The reform proposal, which would have given institutional investors a greater say and limited the power of employee shareholders and union representatives, fell short of a two-thirds majority needed for approval at a shareholder meeting on Saturday.
It was the latest failed attempt to change the bank's governance, which critics say amplifies the influence of employee shareholders and unions thanks to bylaws that give each shareholder the same weight regardless of the size of its stake.
"The rejection is a big surprise to us and confirms that the main issue for Popolare Milano remains its weak governance," Kepler Cheuvreux wrote in a note.
CEO Giuseppe Castagna, appointed in January, said on Saturday the reform setback was a missed opportunity and did not rule out consequences for the 500-million euro cash call the bank is set to launch on May 5.
Popolare di Milano's shares initially failed to start trading on Monday because they were down so sharply. They traded 8.3 percent lower at 0.6350 euros by 0840 GMT.
The share issue is meant to bolster the bank's core capital before the results of a health check of euro zone banks by the European Central Bank are published later this year.
The bank's Core Tier 1 ratio - a measure of a bank's strength - stood at 7.2 percent at the end of 2013, below the minimum 8 percent requirement set by the ECB.

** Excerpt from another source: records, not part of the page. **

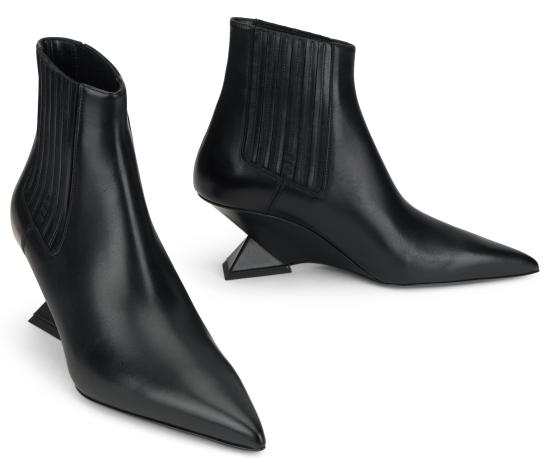 26FW 디 아티코 부츠 261WSH00921LBT019AA100 black - THE ATTICO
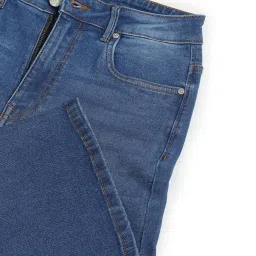 U.S. Polo Assn. Blue Cotton Regular Fit Jeans image 5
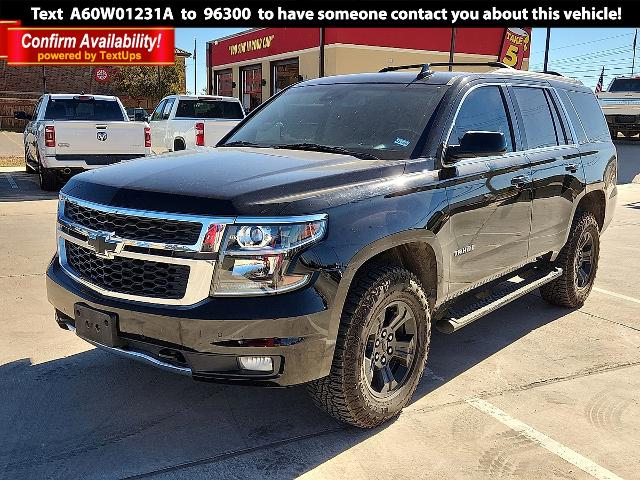 2018 Chevrolet Tahoe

The rejection of the reform proposal was all the more disappointing because it was a much less radical version than one put on hold a year ago. The latest plan had envisaged giving institutional investors the right to appoint six of the 15 members of the supervisory board from four now, and also hand them more powers.
The governance changes have been requested by the Bank of Italy as a condition for lifting extra capital requirements it has imposed on Popolare Milano.
A proposal to turn the bank into a joint-stock company was dropped last year due to union opposition, prompting major investor Andrea Bonomi to sell his entire 8.6 percent stake on the market.
After Bonomi's departure in January, Popolare Milano was hit by another big defection this month when French bank Credit Mutuel said it sold its 6.9 percent stake in the bank, having first taken a stake in 2004.